╔══

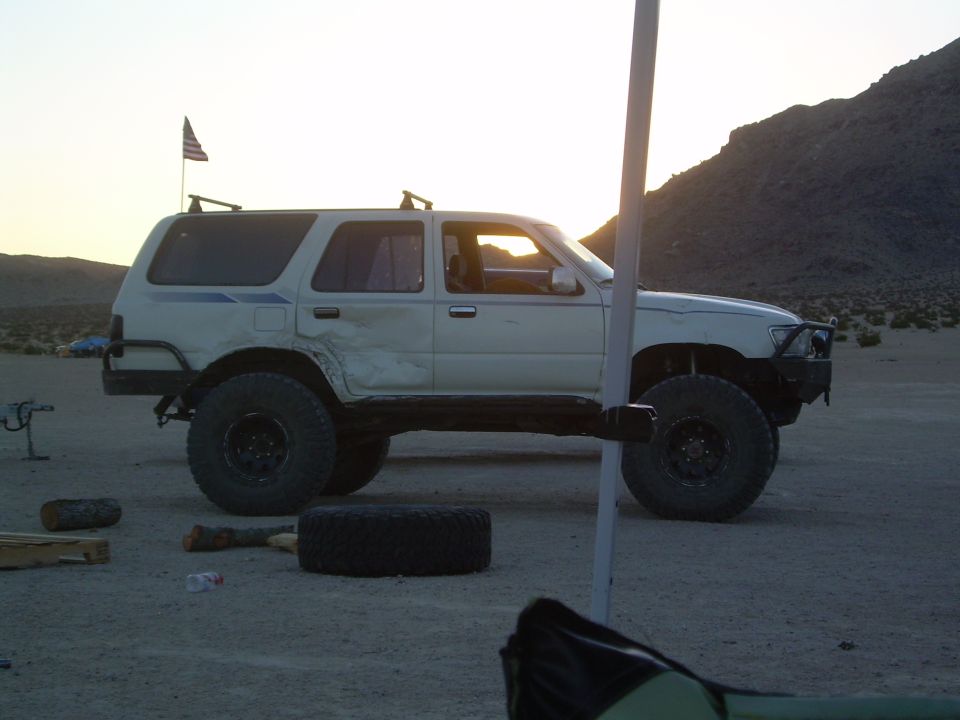 Side view of lifted white 4Runner at desert camp at dusk with body damage and mud tires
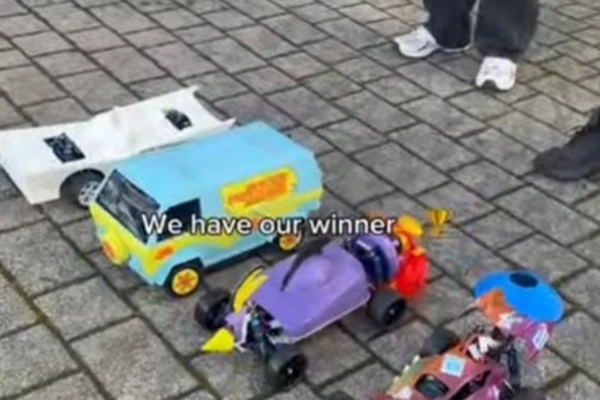 A group of people standing around three colorful, custom-built model cars at the finish line of the Annual Kelvin CAD Car Race. The winning car, a bright blue and yellow van, is in the foreground with a "Winner" sticker, while the other two cars, one purple and one red, are beside it on a paved surface. A group of people standing around three colorful, custom-built model cars at the finish line of the Annual Kelvin CAD Car Race. The winning car, a bright blue and yellow van, is in the foreground with a "Winner" sticker, while the other two cars, one purple and one red, are beside it on a paved surface.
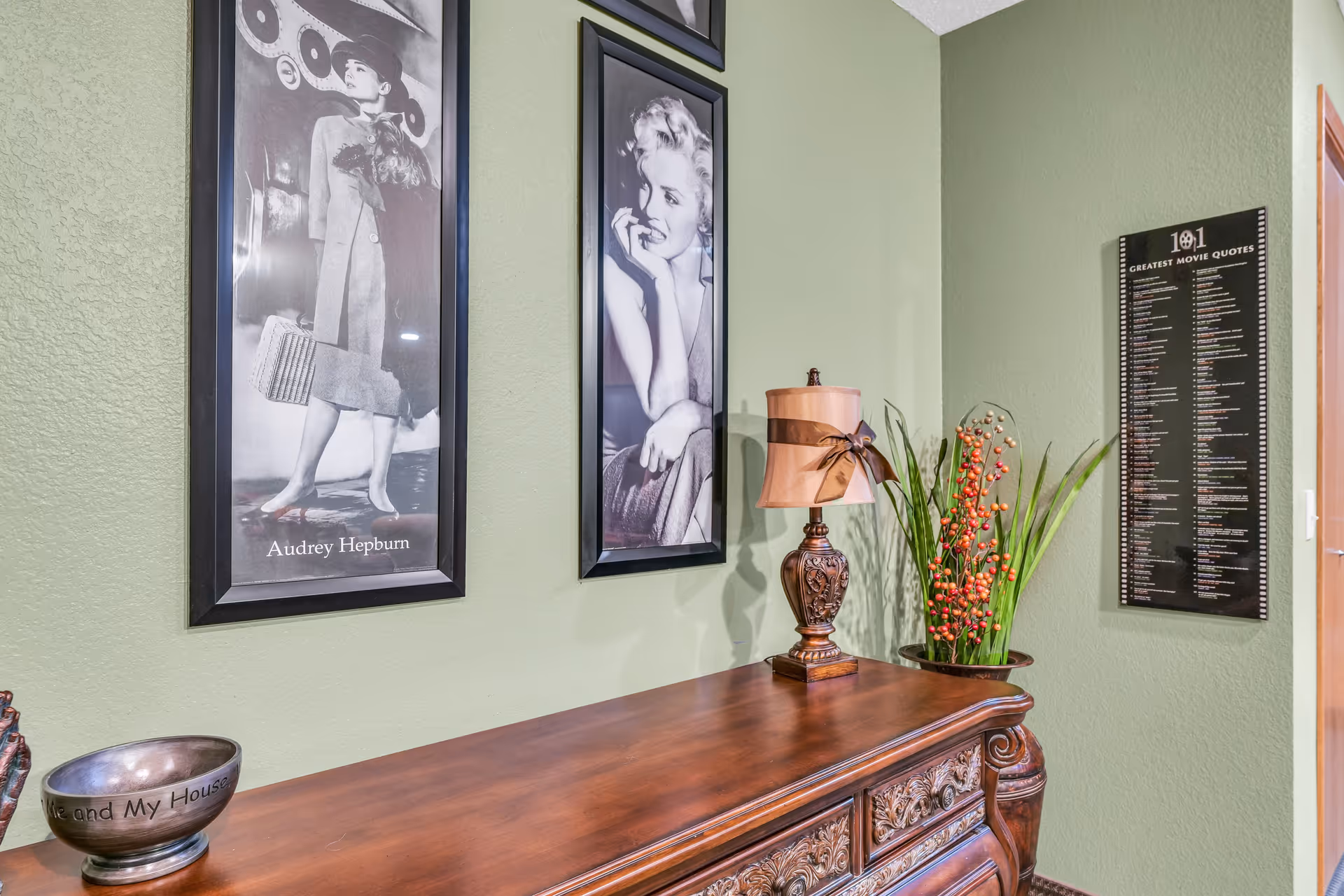 A corner of a room with light green walls featuring two black and white framed portraits of Audrey Hepburn and Marilyn Monroe. Below the portraits is an ornate wooden dresser with a decorative lamp and a potted plant with orange berries. On the right wall, there is a framed list titled '101 Greatest Movie Quotes.'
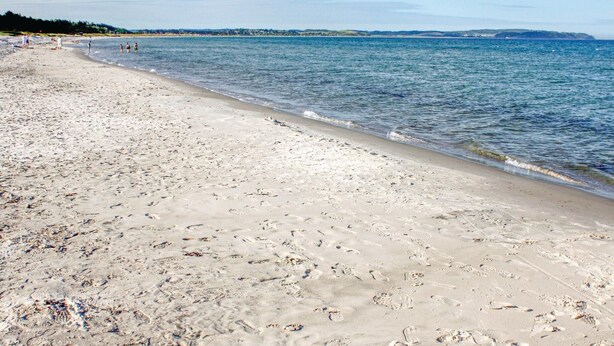 A sandy beach with footprints, calm water, and a distant shoreline. - Cozy home in Ebeltoft with sauna (Ebeltoft)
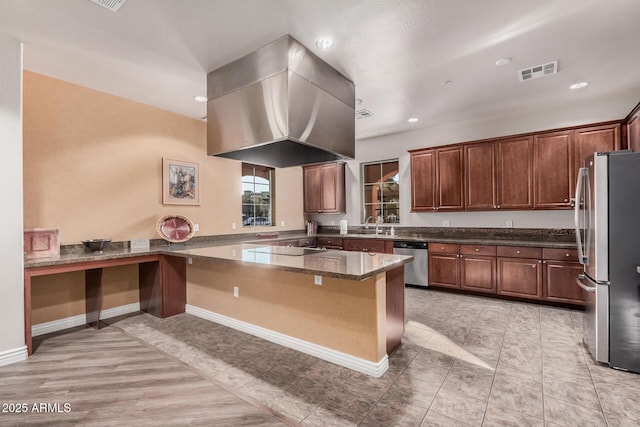 kitchen with light tile patterned flooring, island range hood, dark stone counters, kitchen peninsula, and stainless steel appliances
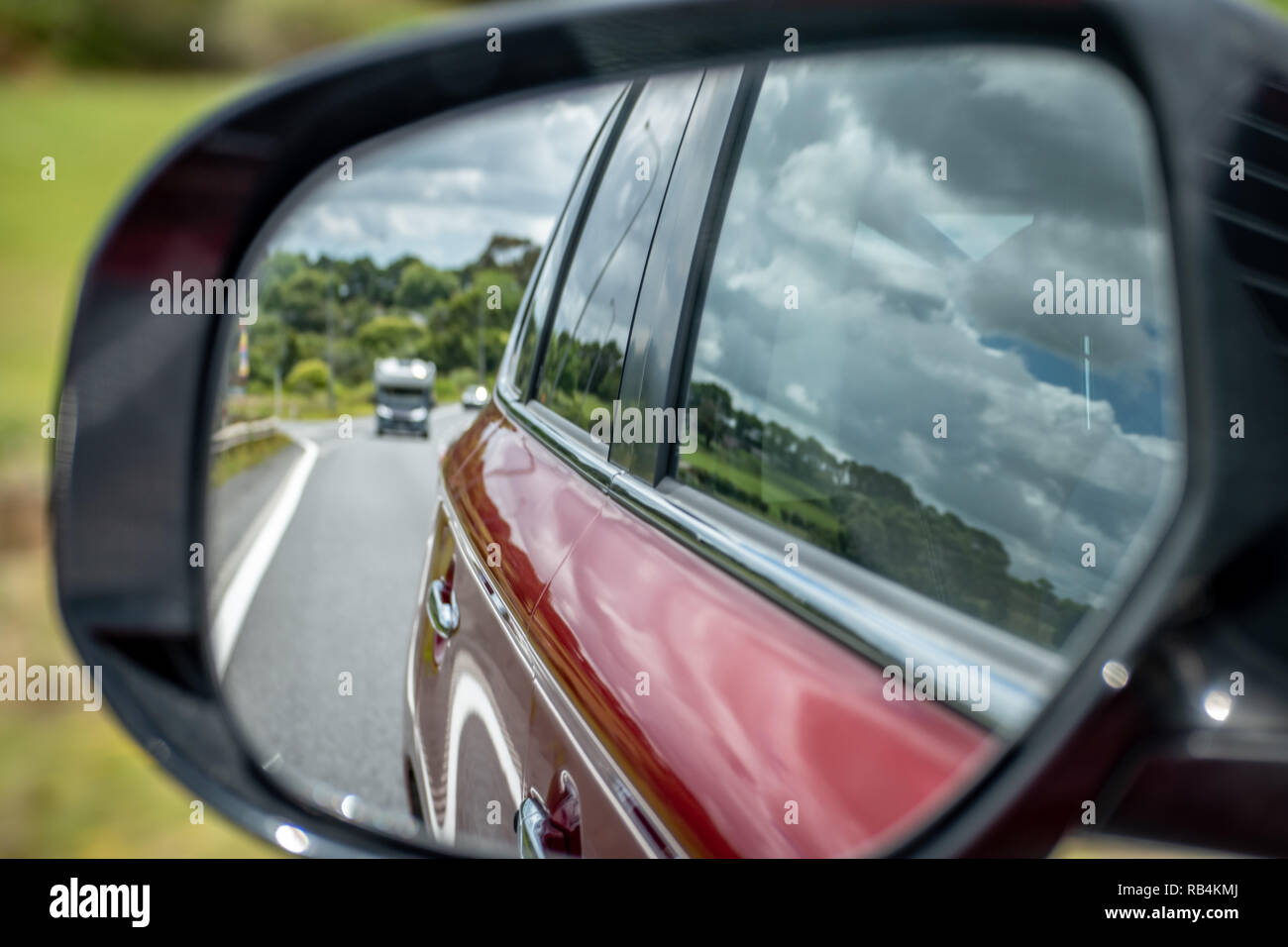 Photo of a car mirror during a drive Stock Photo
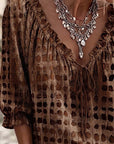 Lena | Blouse met stippenpatroon en vetersluiting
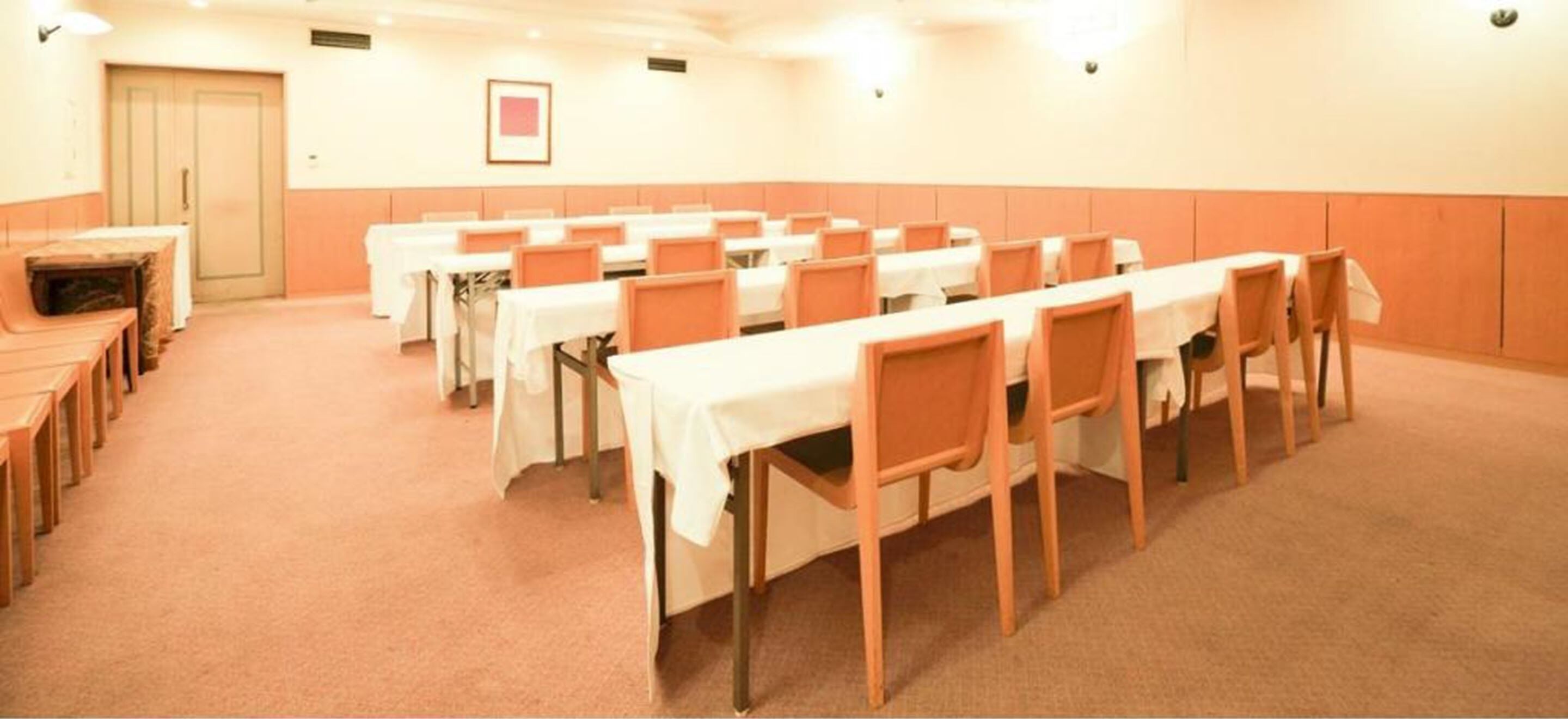Une salle de conférence avec plusieurs tables et chaises, un sol recouvert de moquette et une porte au fond.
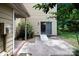 Backyard view features a patio with sliding glass door, shrubbery, and a partial view of the house at 8618 Rittenhouse Cir, Charlotte, NC 28270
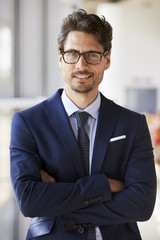 Portrait of young professional man in suit, arms crossed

╚══

Problem to solve
Only the lines from the one containing "A sandy beach" through the last line of the entries, both included, should be repeated exactly, and the pictures should be left out.

Response
 A sandy beach with footprints, calm water, and a distant shoreline. - Cozy home in Ebeltoft with sauna (Ebeltoft)
 kitchen with light tile patterned flooring, island range hood, dark stone counters, kitchen peninsula, and stainless steel appliances
 Photo of a car mirror during a drive Stock Photo
 Lena | Blouse met stippenpatroon en vetersluiting
Une salle de conférence avec plusieurs tables et chaises, un sol recouvert de moquette et une porte au fond.
 Backyard view features a patio with sliding glass door, shrubbery, and a partial view of the house at 8618 Rittenhouse Cir, Charlotte, NC 28270
 Portrait of young professional man in suit, arms crossed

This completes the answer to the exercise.